Now OTL, few people ever considered working with HTHP for ballistic rockets, though quite a few used them, or monopropellant catalytic ones, for other kinds of rockets--quite often for airplane rockets, as liquid, permanently installed JATO units, or for research high-speed engines or for rocket-augmented interceptors; the commonest form of human "rocket belts" that have been demonstrated use a catalyzed peroxide jet (good for about 30 seconds operation
). For spacecraft or ICBMs, only the British developed peroxide-kerosene rockets however--the Black Knight sounding rocket, the Black Arrow light orbiter (launching Prospero, the single satellite launched by purely Commonwealth means) and a proposal to use these stages in conjunction with the ker-lox Blue Streak booster stage as an alternative to the French Coralie second stage of the cooperative Europa rocket. The biggest peroxide-kerosene rocket they developed, the Gamma-Eight, is dwarfed by the big rockets the Americans and Soviets are developing here--I figure to make a Ker-peroxide Proton first stage with Gamma-Eights, one would need 38 of the damn things.
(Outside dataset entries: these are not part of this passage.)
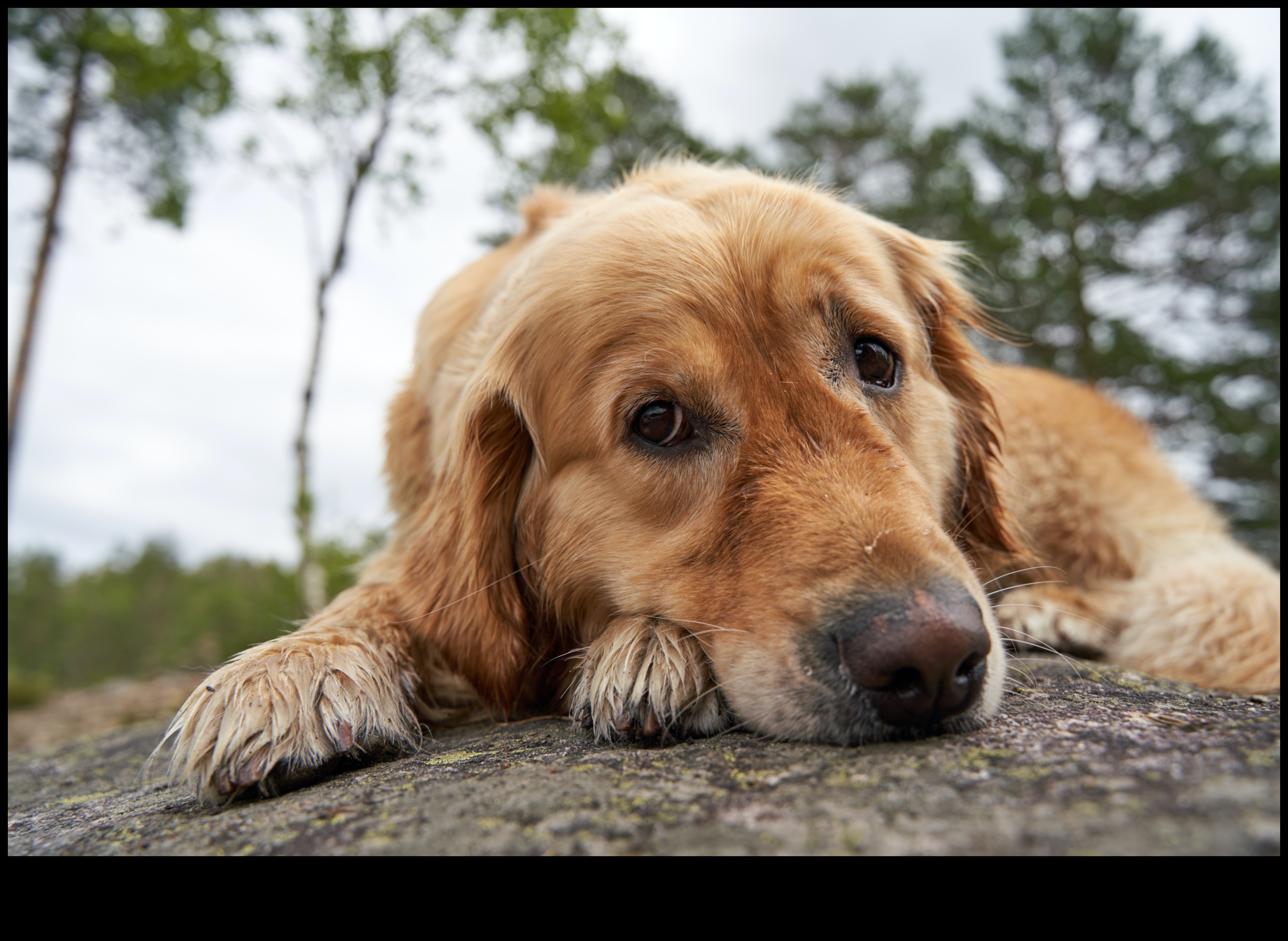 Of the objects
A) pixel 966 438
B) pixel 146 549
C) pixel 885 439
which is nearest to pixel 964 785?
pixel 885 439

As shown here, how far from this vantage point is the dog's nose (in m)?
1.58

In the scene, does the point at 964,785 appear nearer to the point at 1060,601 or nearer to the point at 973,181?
the point at 1060,601

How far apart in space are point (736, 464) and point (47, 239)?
16.0 m

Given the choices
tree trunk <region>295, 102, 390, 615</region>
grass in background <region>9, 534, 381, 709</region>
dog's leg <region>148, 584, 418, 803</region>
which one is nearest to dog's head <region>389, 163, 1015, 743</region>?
dog's leg <region>148, 584, 418, 803</region>

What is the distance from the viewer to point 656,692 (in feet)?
6.55

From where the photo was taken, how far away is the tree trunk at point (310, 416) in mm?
10742

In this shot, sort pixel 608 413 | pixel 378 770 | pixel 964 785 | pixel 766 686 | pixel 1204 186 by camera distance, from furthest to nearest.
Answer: pixel 1204 186 → pixel 608 413 → pixel 378 770 → pixel 766 686 → pixel 964 785

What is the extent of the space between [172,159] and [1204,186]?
20.7m

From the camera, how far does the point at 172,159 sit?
47.1 ft

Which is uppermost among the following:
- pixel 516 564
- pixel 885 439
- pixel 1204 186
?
pixel 1204 186

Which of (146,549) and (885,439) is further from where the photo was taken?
(146,549)

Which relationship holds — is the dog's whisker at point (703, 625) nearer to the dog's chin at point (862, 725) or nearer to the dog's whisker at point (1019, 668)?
the dog's chin at point (862, 725)

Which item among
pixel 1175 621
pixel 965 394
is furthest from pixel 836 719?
pixel 1175 621

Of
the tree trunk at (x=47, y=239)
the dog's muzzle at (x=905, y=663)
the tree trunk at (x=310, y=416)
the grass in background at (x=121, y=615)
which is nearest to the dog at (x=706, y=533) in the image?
the dog's muzzle at (x=905, y=663) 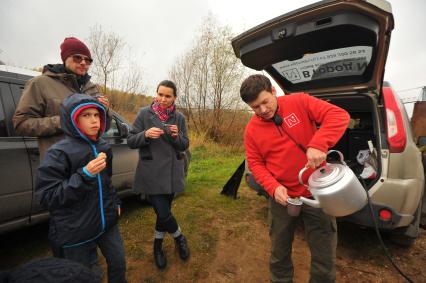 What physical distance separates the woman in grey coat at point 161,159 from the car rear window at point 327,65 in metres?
1.41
Worse, they fell far short of the potential 300+ isp, having isps around 260.
Perhaps that means I have oversold them, and to achieve the competitive ISPs I have been assuming we need more advanced tech than the Soviets could plausibly have in the 1960s. But perhaps it merely means that the British programs were run on very thin and frayed shoestrings, and with serious backing the size and efficiency of the peroxide alternatives could be raised dramatically.
I've been rather fascinated by the possibilities that might have been overlooked with peroxide, as you can see!
At the end of the day, hypergolics have the stronger case because they were indeed developed OTL, on both sides of the Iron Curtain too, and remain mainstays in both Western and Russian rocketry, as well as Chinese and I gather even Indian.
I still think making a 5000 ton rocket with the stuff is folly though. If we can't have peroxide, by all means let us hope this timeline veers back to kerlox!